# THE RECORDS
_ _ _ _ _

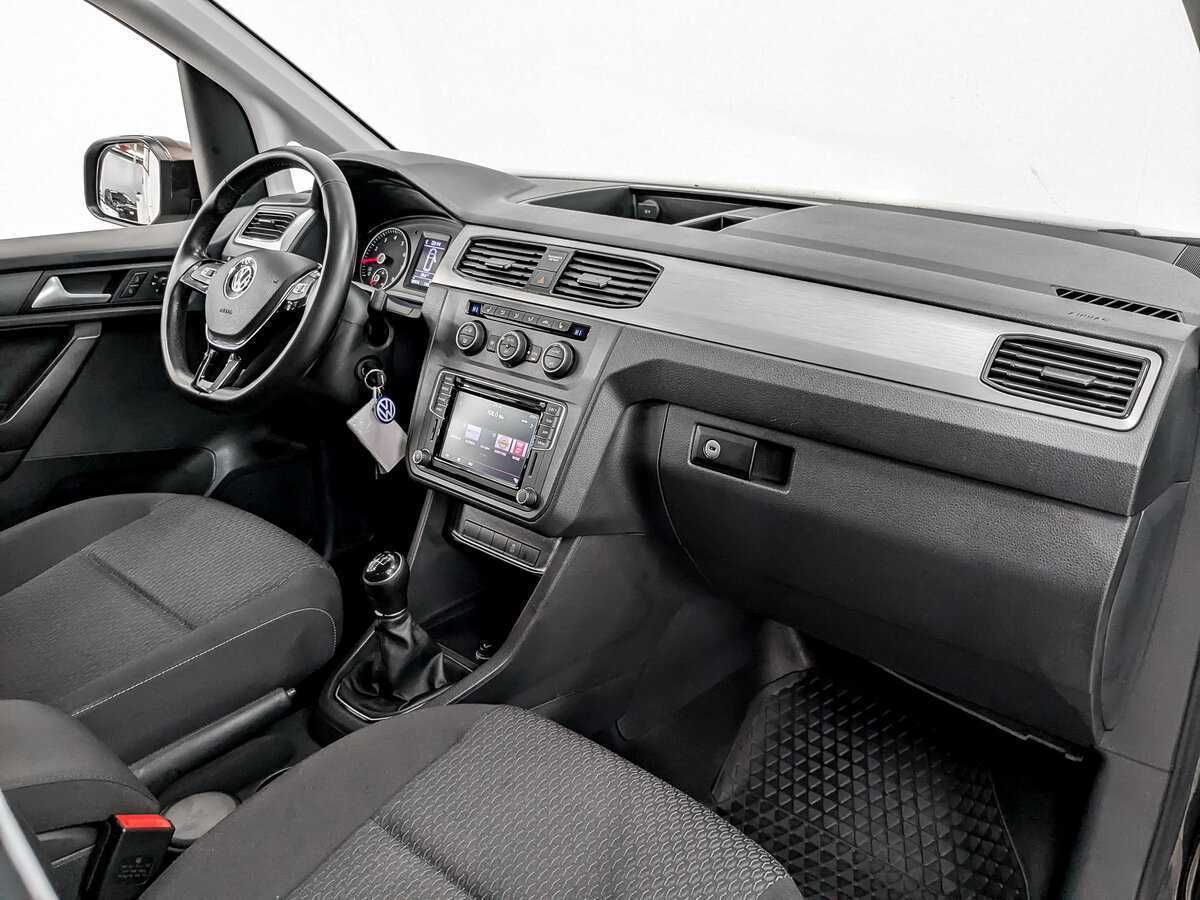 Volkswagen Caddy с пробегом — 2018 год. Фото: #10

_ _ _ _ _

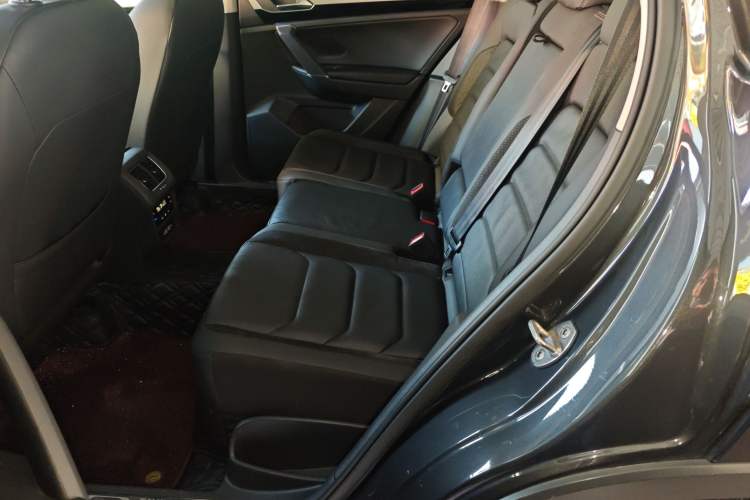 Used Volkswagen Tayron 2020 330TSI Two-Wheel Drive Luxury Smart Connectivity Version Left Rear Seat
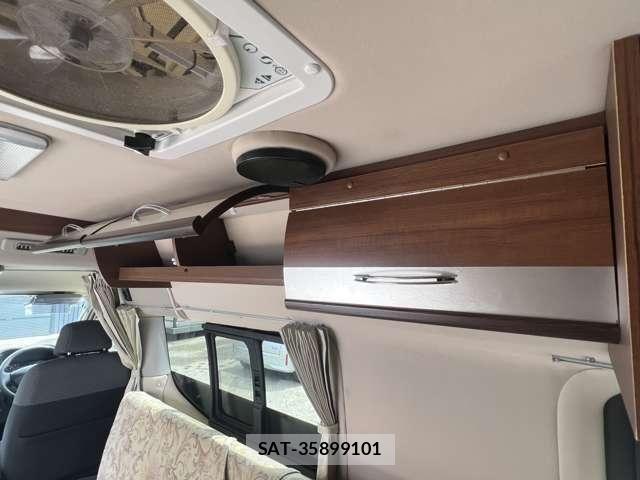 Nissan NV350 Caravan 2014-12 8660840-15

_ _ _ _ _

Within the listing above, find the line containing "Used Volkswagen Tayron" and the line containing "Nissan NV350 Caravan 2014-12 8660840-15". Transcribe them and everything between them exactly, leaving out the pictures.

# SOLUTION FOR THIS PROBLEM
 Used Volkswagen Tayron 2020 330TSI Two-Wheel Drive Luxury Smart Connectivity Version Left Rear Seat
 Nissan NV350 Caravan 2014-12 8660840-15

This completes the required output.